SUPPLIED DATA Start Marker
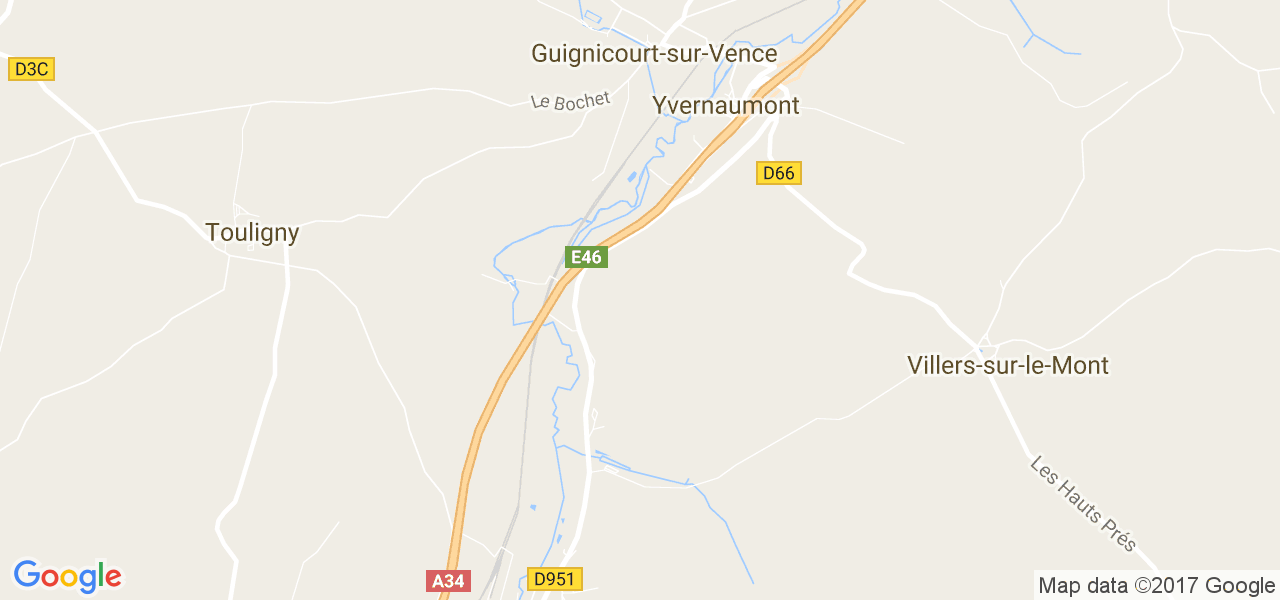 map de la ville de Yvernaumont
SUPPLIED DATA End Marker
SUPPLIED DATA Start Marker
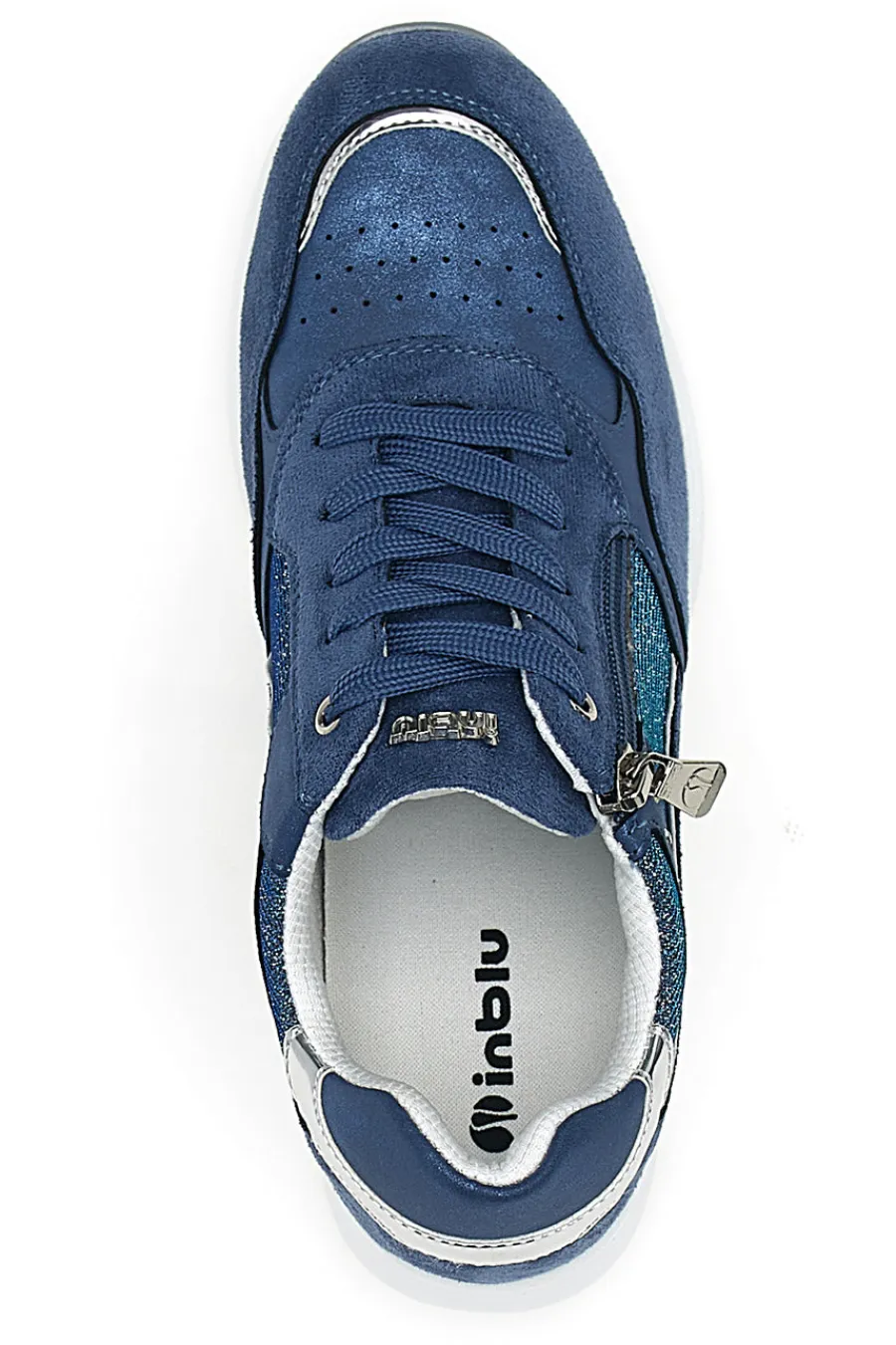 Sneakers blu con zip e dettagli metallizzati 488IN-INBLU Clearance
SUPPLIED DATA End Marker
SUPPLIED DATA Start Marker
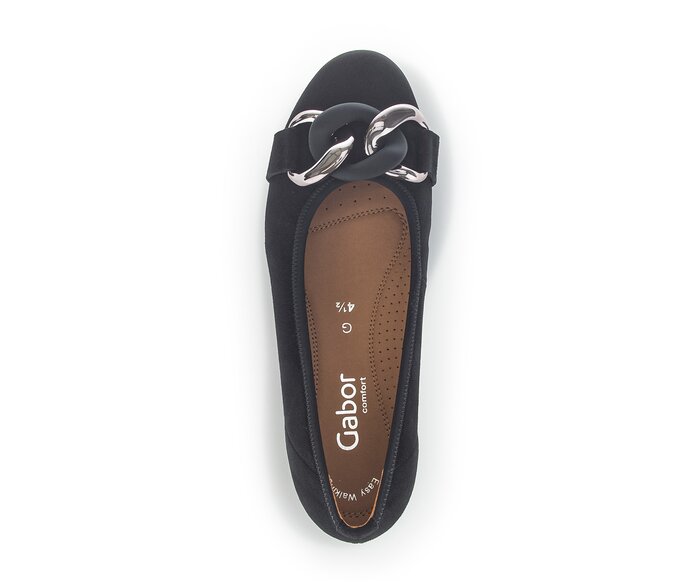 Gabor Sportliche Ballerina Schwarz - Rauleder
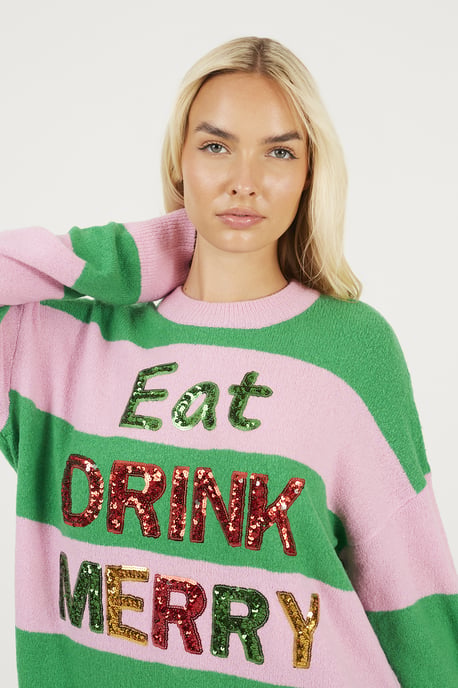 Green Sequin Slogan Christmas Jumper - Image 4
SUPPLIED DATA End Marker
*PROBLEM STATEMENT*. Although the records above contain pictures, the copy must not; set down exactly the lines from the one with "Gabor Sportliche Ballerina" up to and including the one with "Green Sequin Slogan".

*ANSWER TO THIS EXERCISE*.
 Gabor Sportliche Ballerina Schwarz - Rauleder
 Green Sequin Slogan Christmas Jumper - Image 4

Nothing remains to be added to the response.